(Beginning of Data for review)

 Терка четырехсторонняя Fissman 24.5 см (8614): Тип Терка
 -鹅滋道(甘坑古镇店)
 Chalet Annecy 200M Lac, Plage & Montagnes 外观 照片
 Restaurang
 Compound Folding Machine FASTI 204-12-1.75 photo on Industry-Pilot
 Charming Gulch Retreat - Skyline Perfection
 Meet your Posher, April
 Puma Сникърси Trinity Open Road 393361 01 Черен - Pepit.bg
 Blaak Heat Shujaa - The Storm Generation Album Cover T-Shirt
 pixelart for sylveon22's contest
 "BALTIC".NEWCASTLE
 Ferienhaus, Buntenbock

(End of Data for review)
(Beginning of Data for review)

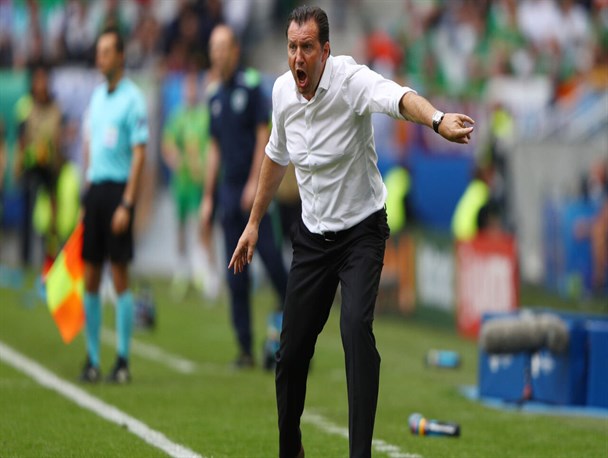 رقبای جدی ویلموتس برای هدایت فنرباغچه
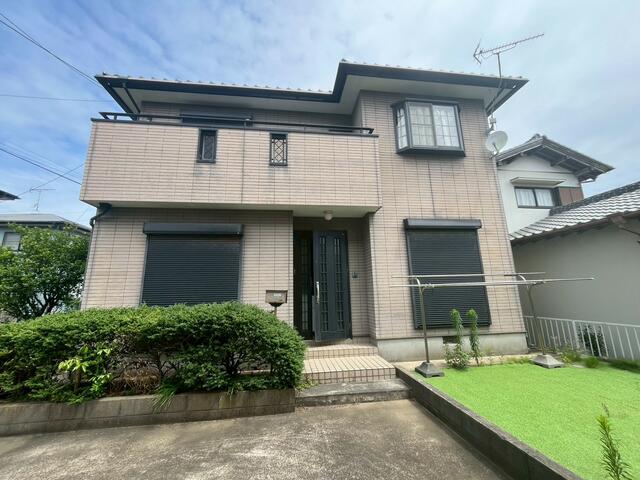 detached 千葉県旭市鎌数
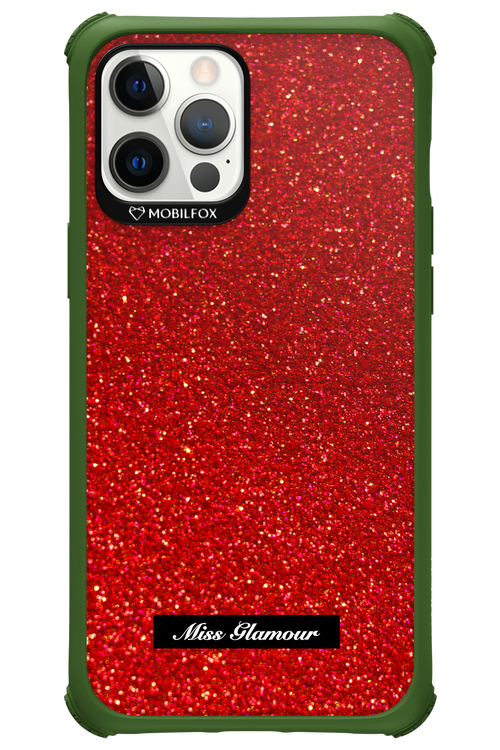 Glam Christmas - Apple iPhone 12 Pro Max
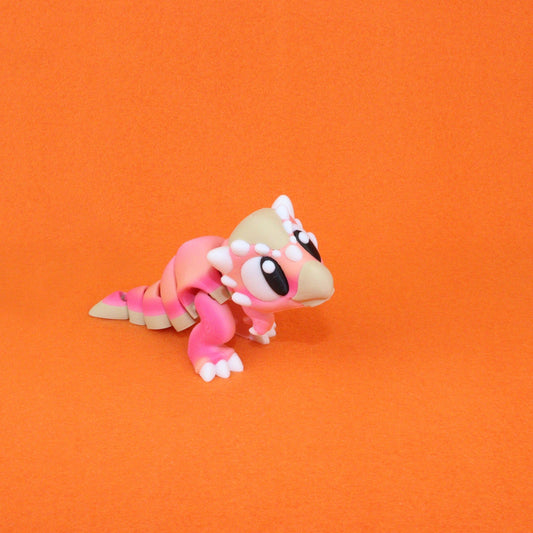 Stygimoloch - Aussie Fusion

(End of Data for review)
(Beginning of Data for review)

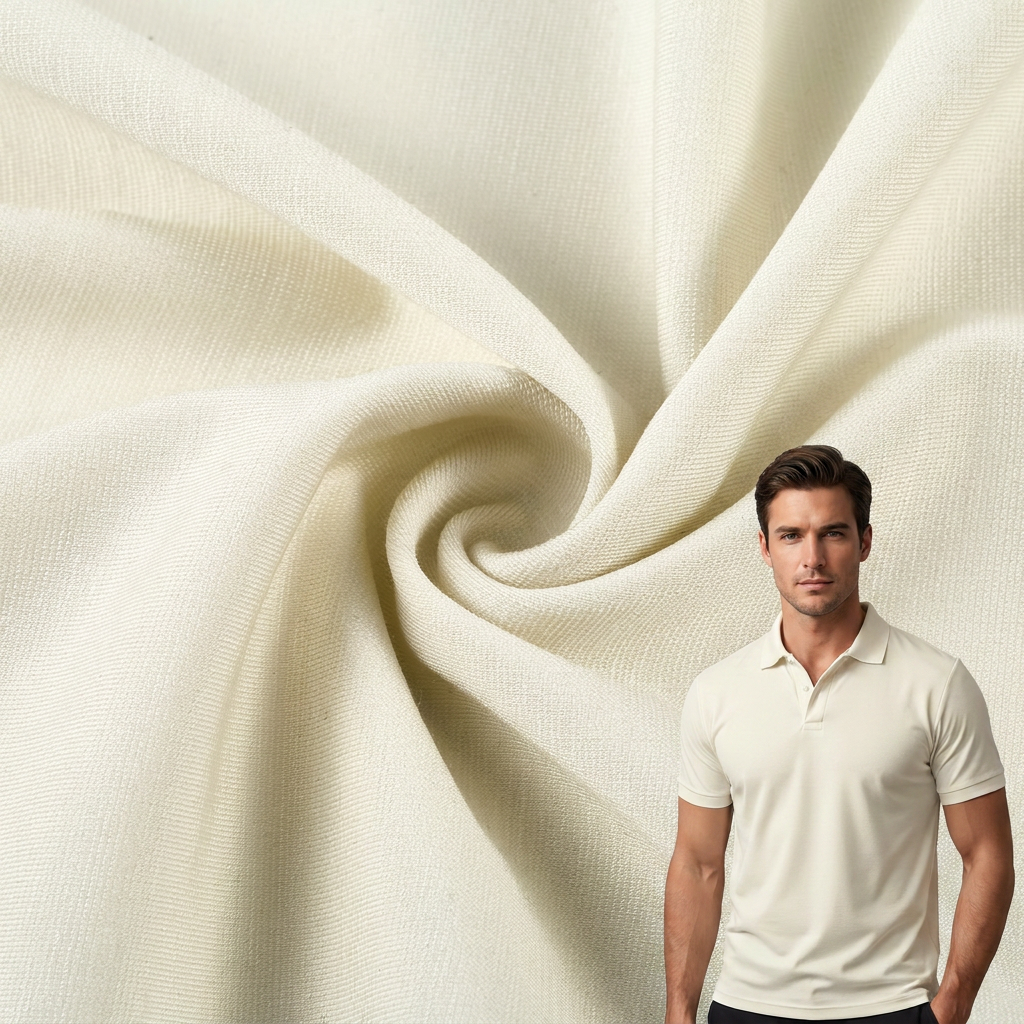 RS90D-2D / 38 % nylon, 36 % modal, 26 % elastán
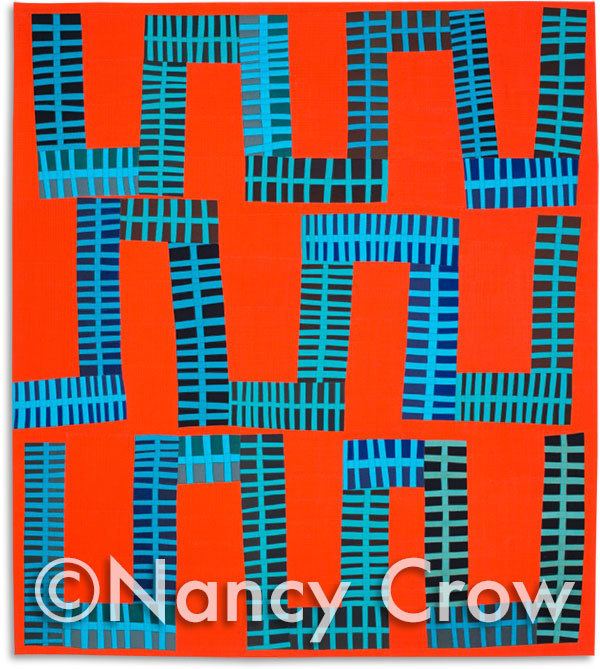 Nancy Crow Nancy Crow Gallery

(End of Data for review)

◆ **What the exercise asks**: Beginning at the line with "Терка четырехсторонняя Fissman" and ending at the line with "Blaak Heat Shujaa", reproduce each line of the data above exactly, and add no other lines.

◆ **Response box**:
 Терка четырехсторонняя Fissman 24.5 см (8614): Тип Терка
 -鹅滋道(甘坑古镇店)
 Chalet Annecy 200M Lac, Plage & Montagnes 外观 照片
 Restaurang
 Compound Folding Machine FASTI 204-12-1.75 photo on Industry-Pilot
 Charming Gulch Retreat - Skyline Perfection
 Meet your Posher, April
 Puma Сникърси Trinity Open Road 393361 01 Черен - Pepit.bg
 Blaak Heat Shujaa - The Storm Generation Album Cover T-Shirt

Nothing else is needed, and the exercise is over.